São Paulo – Decisão do Superior Tribunal de Justiça (STJ) sobre um caso envolvendo um homem acusado de estuprar três meninas de 12 anos, bastante criticada por entidades ligadas aos direitos humanos, também chegou às Nações Unidas. O Escritório Regional para América do Sul do Alto Comissariado das Nações Unidas para os Direitos Humanos (Acnudh) condenou a decisão. “É impensável que a vida sexual de uma criança possa ser usada para revogar seus direitos”, afirmou o representante regional do escritório para a América do Sul, Amerigo Incalcaterra. “A decisão do STJ abre um precedente e discrimina as vítimas com base em sua idade e gênero.”

Ao relatar o caso, a ministra Maria Thereza de Assis Moura argumentou que não se pode considerar crime o ato que não viola o “bem jurídico tutelado” – no caso, a liberdade sexual –, porque as menores já se prostituíam quando ocorreu o episódio. Em nota divulgada ontem (4) para se defender das críticas e o que considera “interpretações equivocadas”, o STJ afirmou que a decisão tratou apenas “se a violência sempre deve ser presumida ou se há hipóteses em que menor de 14 anos possa praticar sexo sem que isso seja estupro”.

Segundo Incalcaterra, a decisão contradiz tratados internacionais de direitos humanos ratificados pelo Brasil, como a Convenção sobre os Direitos da Criança (CDC), o Pacto Internacional dos Direitos Civis e Políticos (PIDCP) e a Convenção sobre a Eliminação de Todas as Formas de Discriminação contra a Mulher (Cedaw). “Todos os tribunais têm a obrigação jurídica de interpretar e aplicar esses tratados de direitos humanos”, afirmou.
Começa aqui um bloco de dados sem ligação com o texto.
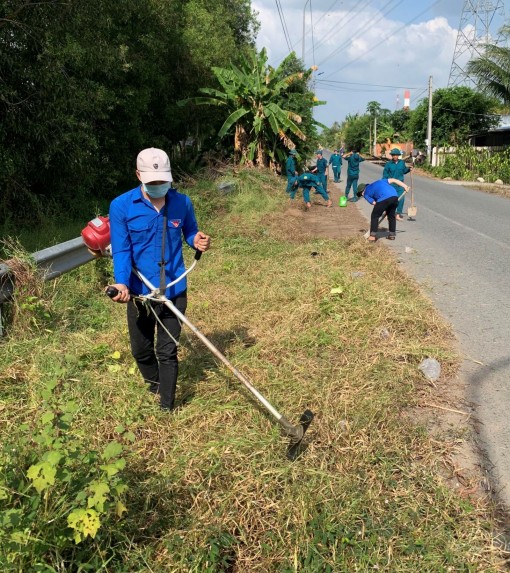 Đoàn viên, thanh niên đảm bảo an toàn giao thông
O representante regional manifestou preocupação por parte do Fundo das Nações Unidas para a Infância (Unicef), no sentido de que a decisão do STJ ponha em risco avanços já obtidos em relação aos direitos de crianças e adolescentes. E lembrou que as diretrizes internacionais de direitos humanos estabelecem claramente que a vida sexual de uma mulher não deve ser levada em consideração em julgamentos sobre seus direitos e proteções legais, incluindo a proteção contra o estupro. Além disso, conforme a jurisprudência internacional, os casos de abuso sexual não devem considerar a vida sexual da vítima para determinar a existência de um ataque, pois essa interpretação constitui uma discriminação baseada em gênero.

Ele elogiou as declarações da ministra da Secretaria de Direitos Humanos, Maria do Rosário, para quem os direitos das crianças não podem ser relativizados.